La Cour constitutionnelle a finalement annulé, le 5 juin 2008, les amendements par lesquels le Parlement avait, le 9 février dernier, modifié les articles 10 et 42 de la Constitution, afin de lever l’interdiction du port du voile dans les universités.
Promulguée par le Président de la République, le 22 février, cette réforme avait néanmoins fait l’objet d’un recours déposé par le CHP et le DSP. Entre temps, les tentatives d’application de la réforme avaient provoqué une certaine confusion dans les universités, certains recteurs décidant d’accueillir des étudiantes voilées, d’autres au contraire de maintenir l’interdiction à leur endroit. Trois mois après, le verdict est tombé : la révision constitutionnelle est annulée, le foulard reste donc interdit dans les universités.

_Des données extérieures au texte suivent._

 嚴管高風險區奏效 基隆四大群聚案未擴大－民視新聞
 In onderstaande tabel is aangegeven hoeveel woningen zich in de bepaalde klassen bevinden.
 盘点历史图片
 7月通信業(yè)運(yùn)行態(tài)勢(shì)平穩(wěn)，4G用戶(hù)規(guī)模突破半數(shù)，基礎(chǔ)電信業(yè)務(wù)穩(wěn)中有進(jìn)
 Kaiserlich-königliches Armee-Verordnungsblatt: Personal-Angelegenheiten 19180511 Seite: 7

L’hostilité de la Cour au port du voile sur les campus était connue et, à cet égard, la décision rendue n’est pas vraiment surprenante, mais la méthode adoptée par les juges, pour se prononcer, fournit des indicateurs précieux sur l’attitude qui est celle du pouvoir judiciaire dans le conflit qui oppose l’establishment laïque à l’AKP. En effet, le choix de l’annulation pour un motif de fond (atteinte aux principes fondamentaux de la République, en particulier au principe de laïcité) montre que les juges, en l’occurrence, n’ont pas hésité à braver ouvertement le parti majoritaire, alors même que le rapporteur de l’affaire avait recommandé de rejeter le recours, en rappelant que le juge constitutionnel turc ne peut annuler un tel amendement que pour des motifs de forme et de procédure. Cet examen au fond de la constitutionnalité de l’amendement était néanmoins prévisible, car la Cour avait, dès le 7 mars dernier, accepté d’examiner le recours.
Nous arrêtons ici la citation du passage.